# DDoS Peaks Hit New Highs: Cloudflare Mitigated Massive 7.3 Tbps Assault
The latest numbers from Cloudflare reveal that Distributed Denial of Service (DDoS) peaks have hit an all-time high, with the company mitigating a staggering 7.3 terabits per second (Tbps) and 4.8 billion packets per second (Bpps) in just two quarters of 2025.
Cloudflare blocked over 7 million DDoS attacks in Q2 2025, down from 20.5 million in the previous quarter. However, hyper-volumetric attacks surged with over 6,500 blocked, averaging an astonishing 71 daily.
The company's latest report reveals that Cloudflare has already surpassed its 2024 DDoS mitigation volume, with nearly 28 million attacks stopped so far in 2025. This marks a significant increase from the previous quarter and highlights the growing threat landscape.
"DDoS attacks continue to break records," reads the report published by Cloudflare. "During 2025 Q2, Cloudflare automatically blocked the largest ever reported DDoS attacks, peaking at 7.3 terabits per second (Tbps) and 4.8 billion packets per second (Bpps)."
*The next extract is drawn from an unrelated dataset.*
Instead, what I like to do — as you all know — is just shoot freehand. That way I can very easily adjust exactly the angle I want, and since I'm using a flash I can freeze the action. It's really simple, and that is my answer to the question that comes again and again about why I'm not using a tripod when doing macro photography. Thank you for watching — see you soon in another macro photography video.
Attacks exceeding 100 million packets per second (pps) surged 592% quarter-over-quarter, while those topping 1 billion pps or 1 Tbps doubled. HTTP DDoS attacks above 1 million requests per second (rps) remained steady at around 20 million total, or 220 kilobytes daily.
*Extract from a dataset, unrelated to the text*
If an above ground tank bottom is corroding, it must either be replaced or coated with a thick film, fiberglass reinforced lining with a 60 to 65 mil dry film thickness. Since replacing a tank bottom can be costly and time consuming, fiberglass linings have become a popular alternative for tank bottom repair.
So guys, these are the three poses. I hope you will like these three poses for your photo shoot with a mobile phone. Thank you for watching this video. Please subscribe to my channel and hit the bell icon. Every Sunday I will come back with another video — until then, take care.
In Q2 2025, most of the attacks targeted Cloudflare customers in China, followed by Brazil and Germany. Russia and Vietnam saw major jumps in attack activity, climbing 40 and 15 spots, respectively. On the industry front, telecom, internet services, and IT were hit hardest, while agriculture surprisingly made it into the top 10 after a sharp rise, suggesting attackers are expanding their focus.
These rankings reflect where the affected customers are based, not necessarily where the attacks originated. In Q2 2025, Indonesia became the top source of DDoS attacks, followed by Singapore and Hong Kong. Russia and Ecuador also climbed the ranks.
Cloudflare is helping service providers fight back by offering a free threat intelligence feed that flags abusive IPs from their networks. Over 600 organizations are already using it to take down malicious botnet infrastructure.
In Q2 2025, attackers revived old DDoS methods targeting games, networks, and IoT devices. They flooded Teeworlds game servers with fake UDP packets, exploited outdated RIPv1 routing, abused misconfigured RDP servers, and infected Linux-based IoT devices with DemonBot malware to launch high-volume floods.
The researchers warned that VxWorks-based IoT devices also became attack sources. Cloudflare protects customers using Magic Transit, Spectrum, and intelligent filtering to block attacks while preserving legitimate traffic and service availability.
Most DDoS attacks in Q2 2025 stay small and brief, with 94% of L3/4 attacks under 500 Mbps and 85% under 50,000 packets per second. Modern servers can handle moderate traffic, but even small attacks can overwhelm unprotected systems during peak times.
While most attacks remain small, very large attacks are growing rapidly, with some exceeding 1 Tbps. Attackers use short, intense bursts to avoid detection and maximize disruption, highlighting the need for constant, real-time defense.
"Critical infrastructure continues to face sustained pressure, with the Telecommunications, Service Providers, and Carriers sector jumping again to the top as the most targeted industry," concludes the report.